▸ EXERCISE
Everything from the line containing "fehér polyrattan és" through the final line of the entries must be repeated exactly, and only that, without pictures.

- Opening Delimiter -

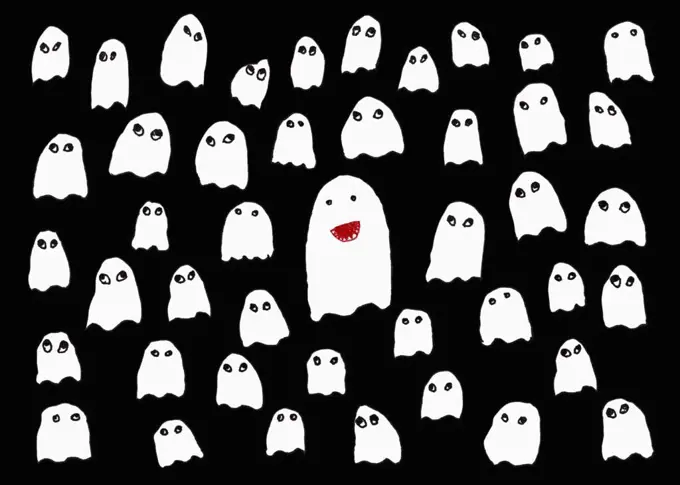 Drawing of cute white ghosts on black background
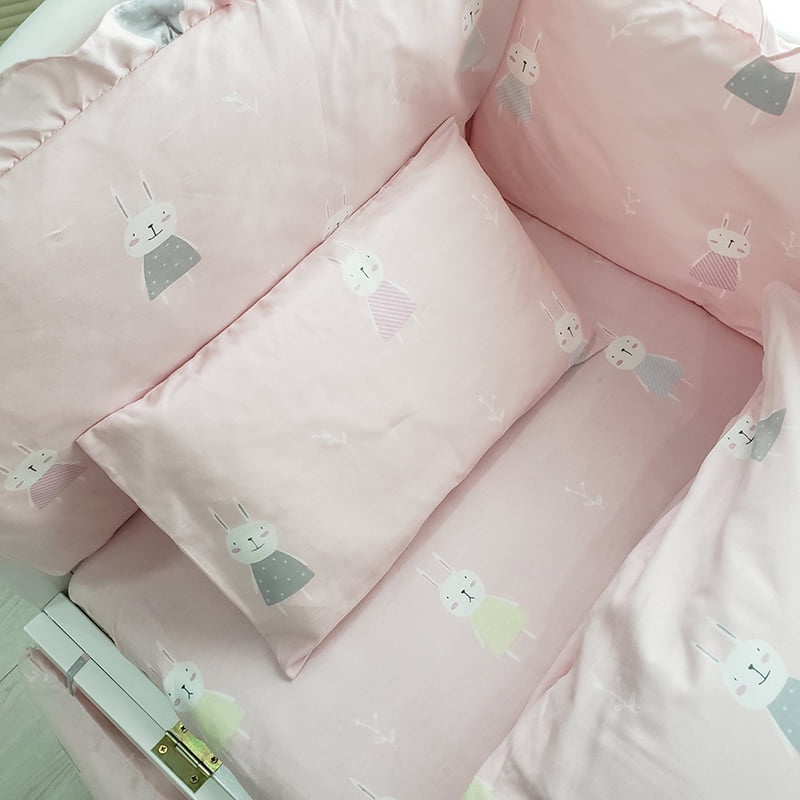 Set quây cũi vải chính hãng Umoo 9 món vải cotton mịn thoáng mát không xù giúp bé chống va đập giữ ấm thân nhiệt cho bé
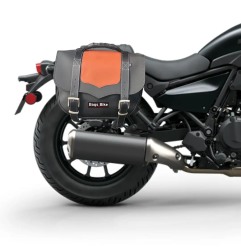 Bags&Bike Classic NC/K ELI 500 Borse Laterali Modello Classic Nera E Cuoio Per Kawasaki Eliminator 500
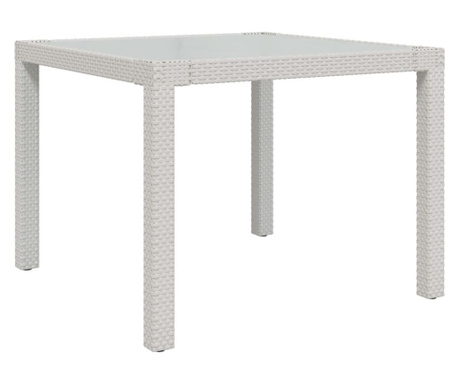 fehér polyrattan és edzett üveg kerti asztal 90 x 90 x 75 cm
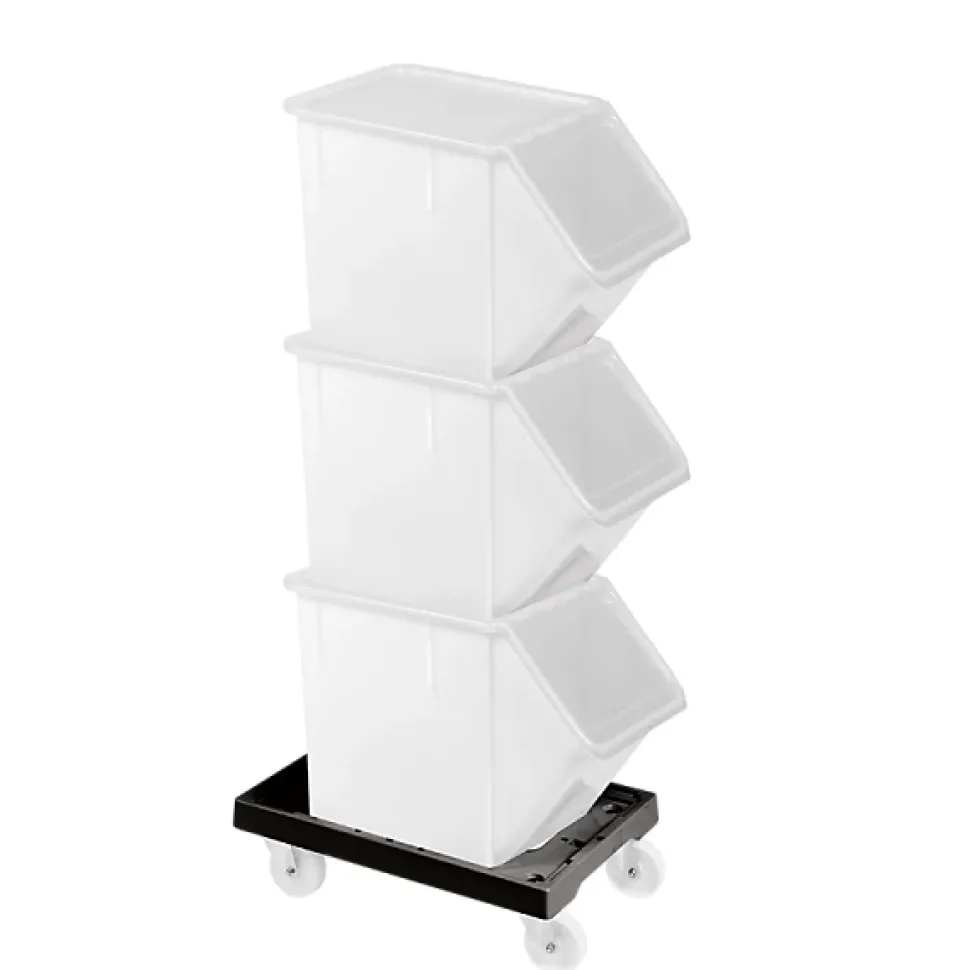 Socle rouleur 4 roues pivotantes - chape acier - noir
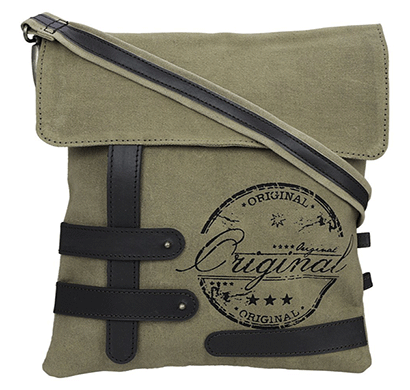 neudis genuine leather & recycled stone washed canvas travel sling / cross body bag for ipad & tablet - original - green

- Closing Delimiter -

▸ REPLY TO THE EXERCISE
 fehér polyrattan és edzett üveg kerti asztal 90 x 90 x 75 cm
 Socle rouleur 4 roues pivotantes - chape acier - noir
 neudis genuine leather & recycled stone washed canvas travel sling / cross body bag for ipad & tablet - original - green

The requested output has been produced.